Young won two Emmys for "Father Knows Best" and a third for "Marcus Welby, M.D."
"Father Knows Best," which Young originated on radio in 1949, was moved to television in 1954 and, after a rocky start in the ratings, finished its run in 1959-60 as No. 6. It was so popular that CBS continued it in prime-time reruns for two seasons after Young decided he'd had enough and the original run ended in 1960.
In contrast to the shows where comedy came largely from a blundering character, "Father Knows Best" aimed for chuckles more than belly-laughs as Jim Anderson and wife Margaret (played by Wyatt) thoughtfully soothed the growing pains of their Betty (Elinor Donahue), Bud (Billy Gray) and Kathy (Lauren Chapin).
Answering latter-day criticism that the show wasn't realistic, Young said that adding a subplot about illness or drugs "would have been like taking a beautiful painting and obliterating it with black paint--and that really would have turned the audience off. We never intended the series to be more than a weekly half-hour of fun and entertainment."
He recalled telling a producer friend, in the process of creating the original radio show, "I'd like to be the father, but not a boob." He said they strove to create "what we thought would be representative of a middle-class American family, if there was such a thing. There probably isn't, but that was what we were looking for."
"Marcus Welby, M.D.," which ran on ABC from 1969 to 1976, got even larger audiences with a similarly thoughtful, compassionate lead character. It was the highest-rated show in the 1970-71 season the first ABC show to be so rated and was in the top 15 shows for four seasons, 1969-73.
Young's role as the general practitioner who strove to understand patients' hopes and fears as well as their diseases brought him praise from medical groups.
"He's understanding and dedicated," Young once said of his character. "These are words that for some reason have fallen into disuse. I knew from the start that I had to come back to play this man."

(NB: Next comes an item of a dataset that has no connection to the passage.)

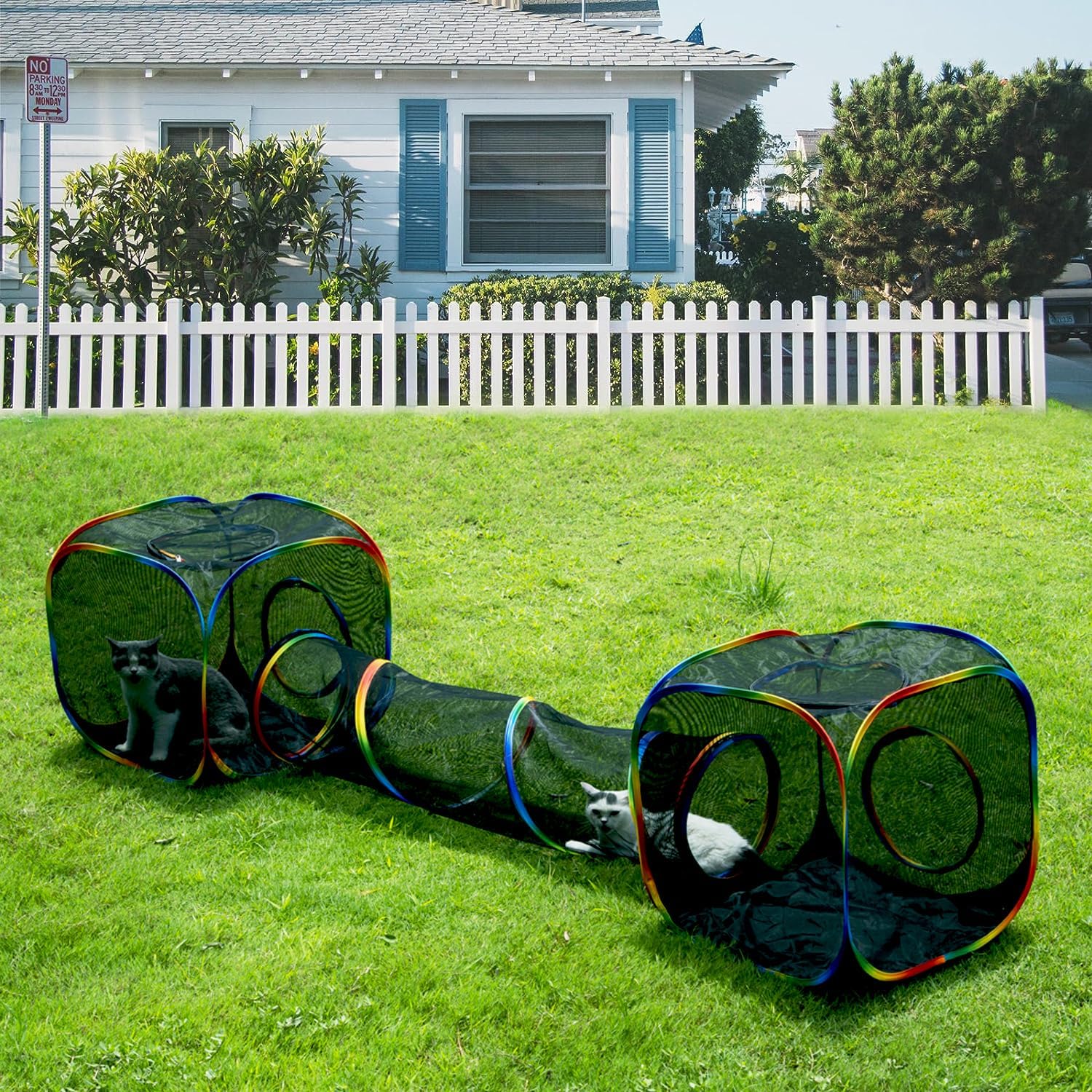 Outdoor Rainbow Cat Enclosures Playground for Happy Kitties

"I enjoy acting," Young once remarked. "Whenever anyone says 'retire' I say, 'Retire to what?'"
He was married to the same woman for more than 60 years, and they had four daughters.
Young was born Feb. 22, 1907, in Chicago, fourth of five children of an Irish immigrant building contractor. The family moved to Los Angeles when he was 10.
He said he found the makeup he wore for high school plays a shield for much of his natural shyness. After graduation, he worked as a bank clerk by day and a student actor nights at the Pasadena Community Playhouse.
"The world has lost one of its last real leading men, and I have lost my father," daughter Betty Lou Gleason said in a statement.
The Rock Island, Illinois Robert Young Center for Community Mental Health, an affiliate of Trinity Regional Health System, is a comprehensive community mental health center named after Young for his work on passage of the Illinois Tax Referendum 708, which earmarked funds for both mental health community awareness programs and the Center itself.